- Born: 7 June 1703 Plounéventer, Province of Brittany, France
- Died: 20 November 1759 (aged 56)
- Branch: French Navy
- Rank: captain
- Conflicts: Seven Years' War Battle of Cap-Français Battle of Quiberon Bay
- Relations: Guy-Pierre de Kersaint Armand de Kersaint

= Guy François Coëtnempren de Kersaint =

Captain Guy François Coëtnempren de Kersaint (7 June 1703 – 20 November 1759) was a French Navy officer who served in the Seven Years' War.

== Biography ==
Kersaint joined the French Navy as a Garde-Marine in February 1722, and was promoted to ensign in October 1731, lieutenant in May 1741, and captain in January 1747.

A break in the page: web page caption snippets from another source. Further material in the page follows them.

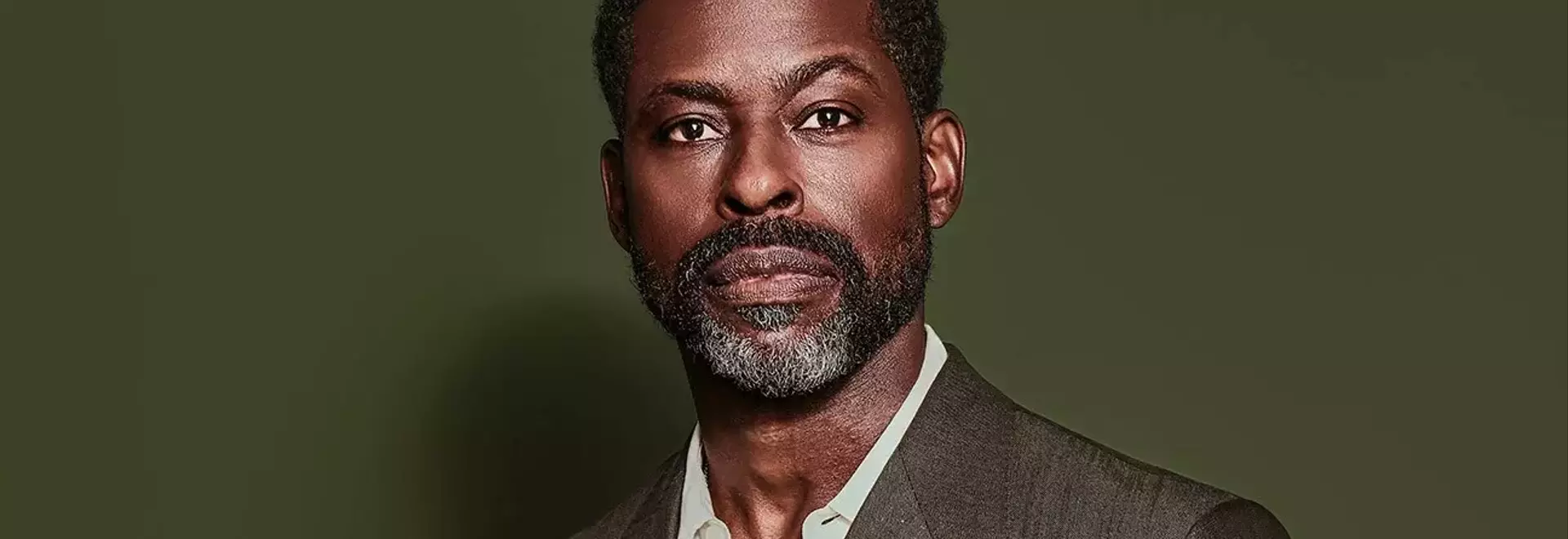 Sterling K. Brown Joins All-Star Cast in Baseball Drama 'The Comebacker'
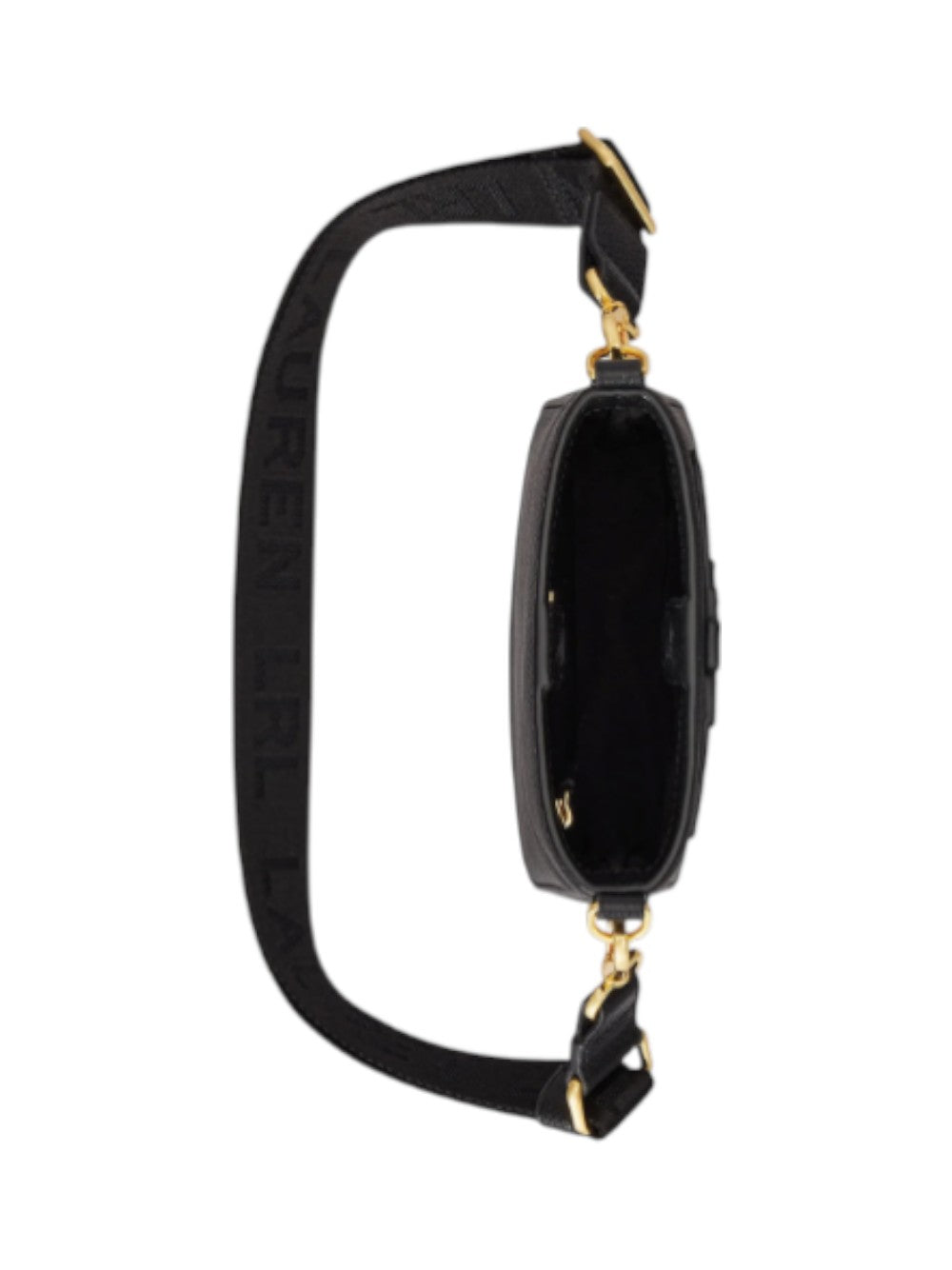 Lauren Ralph Lauren Borsa Donna CMRYN SM CRS 431982184002
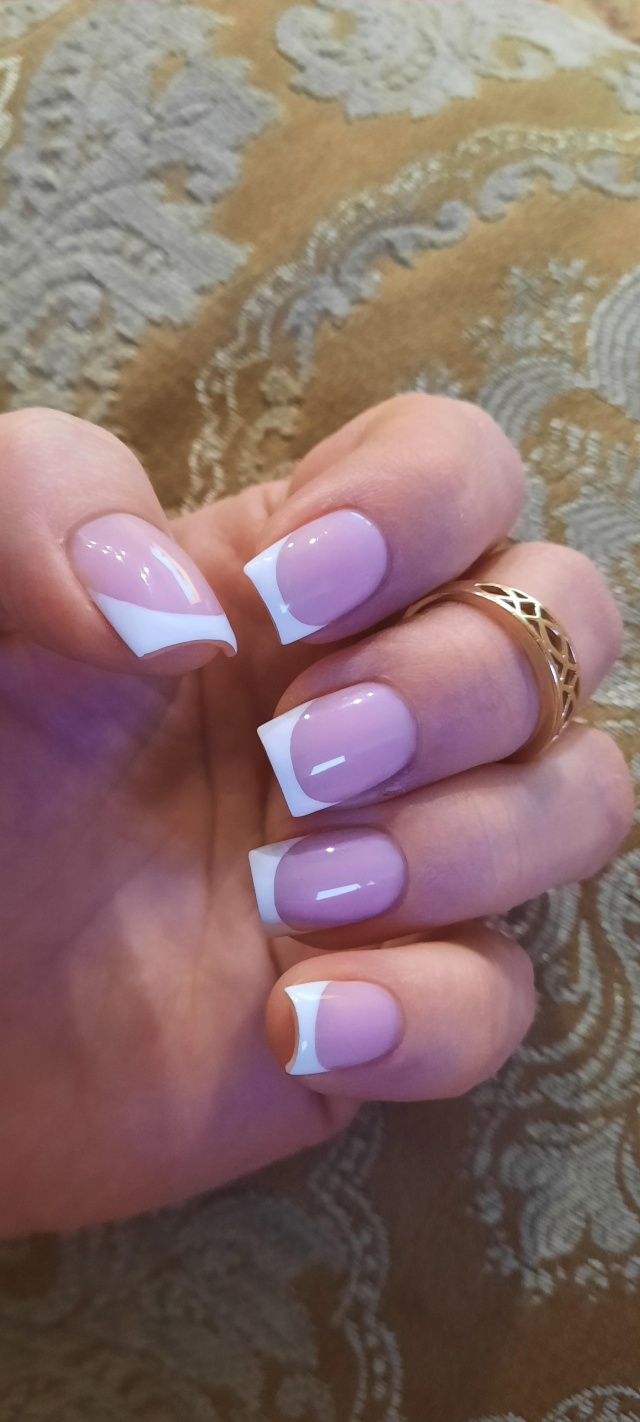 Chernika Nails, студия красоты, Первомайская, 21, Анапа — 2ГИС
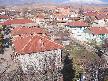 kırkbaş köyünden bir gürünüş 3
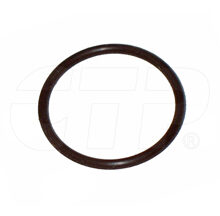 SEAL O RING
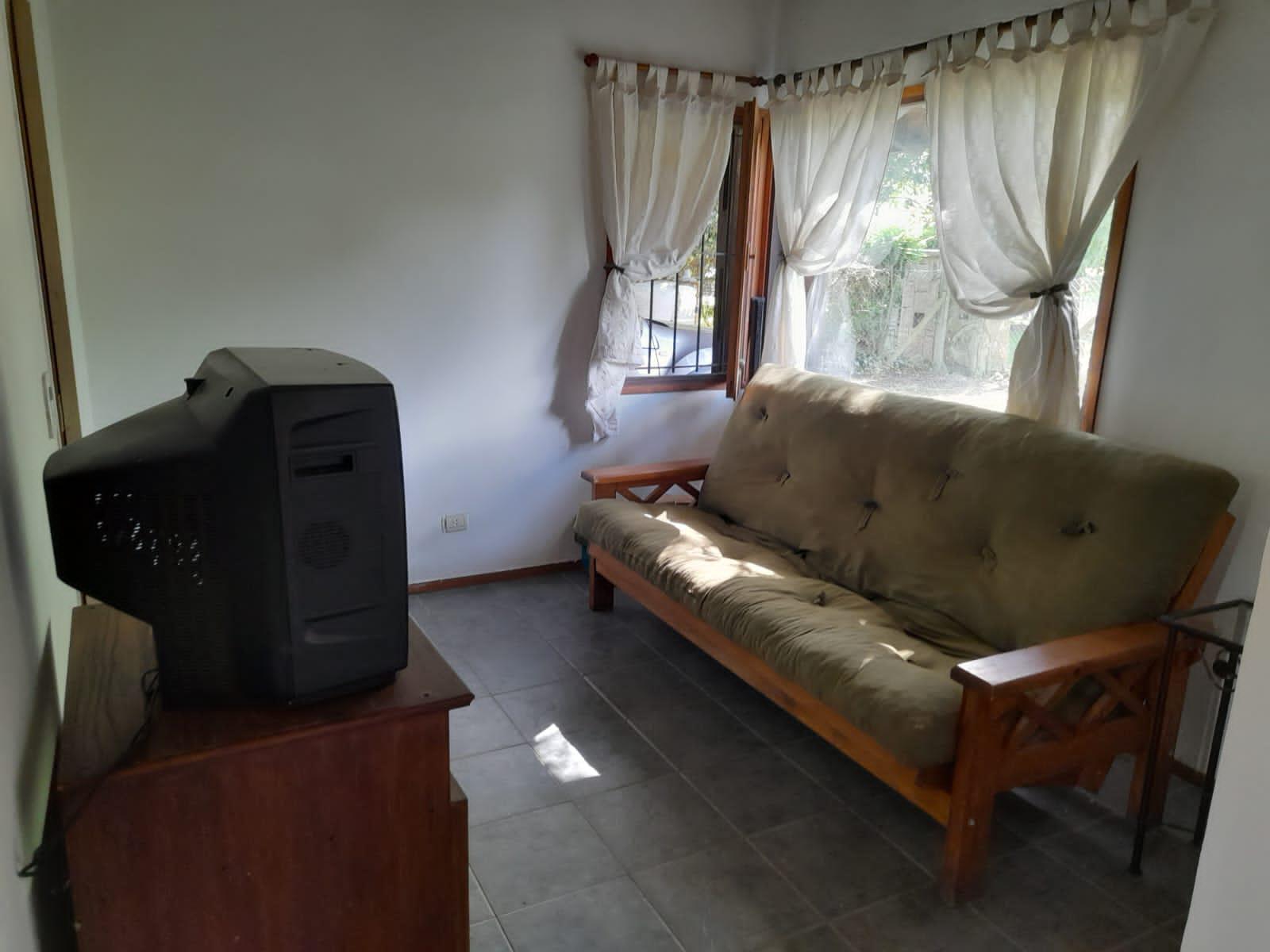 #4822297 | Venta | Casa | Sierra De Los Padres (Estudio Yacoub)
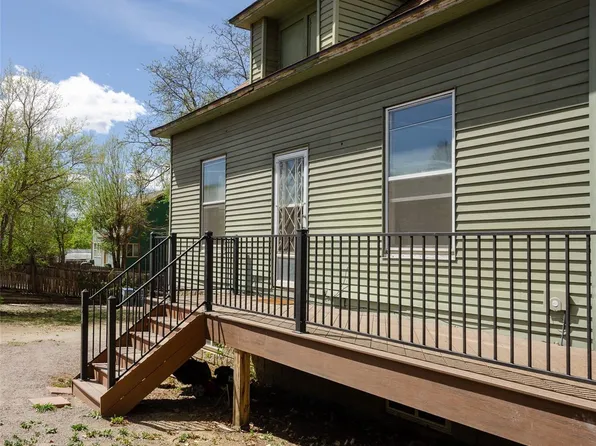 445 Hover Street, Longmont, CO 80501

In 1756, he took command of the 74-gun Intrépide. He led a squadron to cruise off Guinea, destroying British factories and engaging in commerce raiding. He then sailed to the Caribbean. On 21 October 1757, near Caicos, his squadron encountered three British ships of the line, leading to the Battle of Cap-Français. Kersaint was wounded and Intrépide was almost completely dismasted, and the French retreated to Cap-Français after heavy fighting.

In 1759, he took command of Thésée. He took part in the Battle of Quiberon Bay on 20 November 1759. During the battle, as Kersaint was attempting to come to the aid of Hubert de Brienne, Comte de Conflans, Thésée performed a turn without closing her lower gunports. Water rushed into the gundeck, and Thésée capsized, killing most aboard.

== Sources and references ==
 Notes

References

 Bibliography
- Taillemite, Étienne (2002). "Dictionnaire des Marins français"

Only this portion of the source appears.